İLK OKUMA ZEVKİNİ HALKEVİ KİTAPSARAYI'NDA TATTIK  
İkinci uğrak yerimiz ise Halkevi'ydi. 18 Ağustos 1936 Salı günü Vali Mithat Saylam tarafından temeli atılan Halkevi'nin şimdi yerinde Öğretmen Evi yükselen binası kısa sürede tamamlanmıştı. Önündeki bahçede bir havuz ve bu havuz ile bina giriş yolu arasında Millî Mücadelemizin kahramanlarından İsmet (İnönü) Paşa'nın Kurtuluş Savaşı kıyafetinden esinlenilerek yontulmuş, belinde kılıcı, sırtında kaputu, başında kalpağı ile belleğimden silinmeyen, 1950 yılında CHP iktidardan düşüp mallarına el konulması ve Halkevleri'nin kapatılmasıyla birlikte kaldırılan, nereye atıldığı da bilinmeyen heykeli bulunuyordu. İki katlı Halkevi'nin üst katındaki büyücek salon Halkevi Kitapsarayı olarak düzenlenmişti.
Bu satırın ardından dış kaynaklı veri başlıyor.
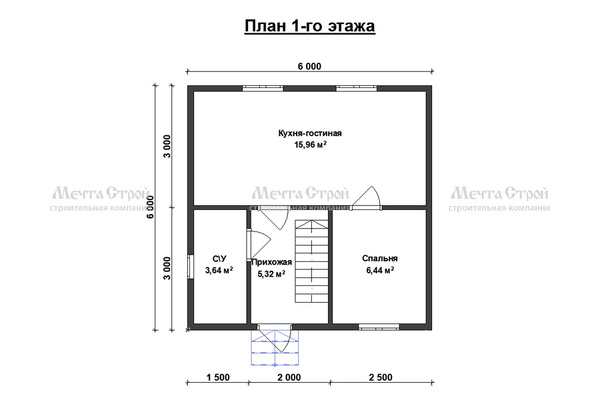 каркасный дом 6.0x6.0 - схема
Halkevi'nin resimlerine bakarsanız binanın sağ başında yuvarlak bölümün üst katındaki kütüphanenin duvarında Cumhurbaşkanı İsmet İnönü'nün ünlü ressamlarımızdan İbrahim Çallı tarafından cumhurbaşkanlığı koltuğunda otururken yapılmış yağlı boya büyük resmi asılı salonunda ilk gazete okuma zevkini tatmıştık. Özellikle tek parti iktidarı CHP'nin yayın organı “Ulus” gazetesi ile “Ülkü” dergisi kütüphanenin ortasındaki büyük okuma masasından eksik olmazdı. Kare bulmacayla ilk kez “Ulus”un sayfalarında tanışmıştık. Kütüphane memuru Recep Boylu ağabeyimiz bizlere yakın ilgi ve güleryüzle yaklaşır, istediğimiz kitabı hemen bulup verirdi. Rahmetle andığım, siması ve uzun boyuyla belleğimden hâlâ silinmeyen Recep ağabey Halkevi kapatıldıktan sonra Devlet Hastanesi'nde başka bir göreve atanmıştı.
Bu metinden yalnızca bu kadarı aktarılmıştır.